20:00 Uhr, Etage 13, Bereich E, Reihe 3, Platz 13
Eine traumhafte konzertante Aufführung dieses herrlich heterogenen Opernmischwesens aus Berlioz’ Feder. Das Orchester bestens aufgelegt unter dem differenzierten Dirigat Soustrots, welches die Feinheiten ins beste Licht rückte, ohne an entsprechender Stelle mit Schmackes zu sparen – ideal für diese kontrastreiche Partitur. Die Sängerin der Marguerite offenbar eine Expertin für diese Rolle, sehr souverän, mir allerdings eine Spur zu herb. Der Tenor eigentlich mit schöner Stimme, angenehmer Mittellage aber leider mit keinerlei Höhe gesegnet, so wurde mancher Spitzenton mehr verzweifelt eng gepresst denn ausgekostet.

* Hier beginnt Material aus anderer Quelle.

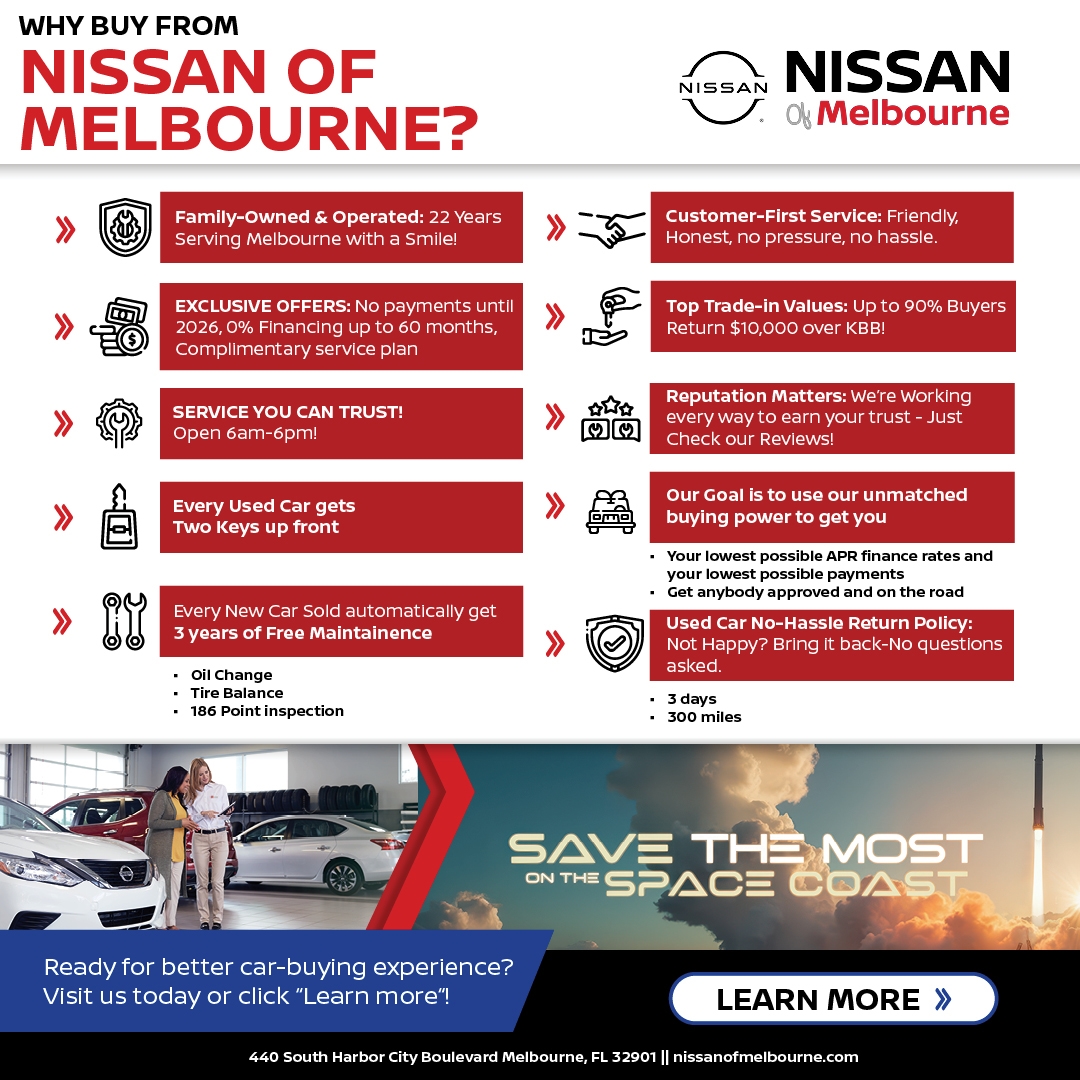 Why Buy at Nissan of Melbourne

Auskosten ist wiederum das richtige Stichwort für Herrn Terfel, der von der ersten Sekunde seines Erscheinens auf der Bühne an dem Abend als Höllenfürst seinen Stempel aufdrückte. Terfel, der Teufel, möchte man witzeln, aber was dieser Mann an darstellerischer wie stimmlicher Präsenz und Spielfreude mitbringt, reicht für ein ganzes Ensemble. Es ist eine schiere Wonne, ihn dem ekelhaften Widerling mit solch beißender Ironie, dabei stets kontrollierter Berechnung Gestalt verleihen zu sehen und dabei gleichzeitig einer der schönsten und ausdrucksstärksten Bassbaritonstimmen zu lauschen. Die mitunter auch richtig fies klingen kann, dann wieder verführerisch beschwörend oder unmissverständlich gebieterisch – eben durch und durch wandelbar-wunderbar.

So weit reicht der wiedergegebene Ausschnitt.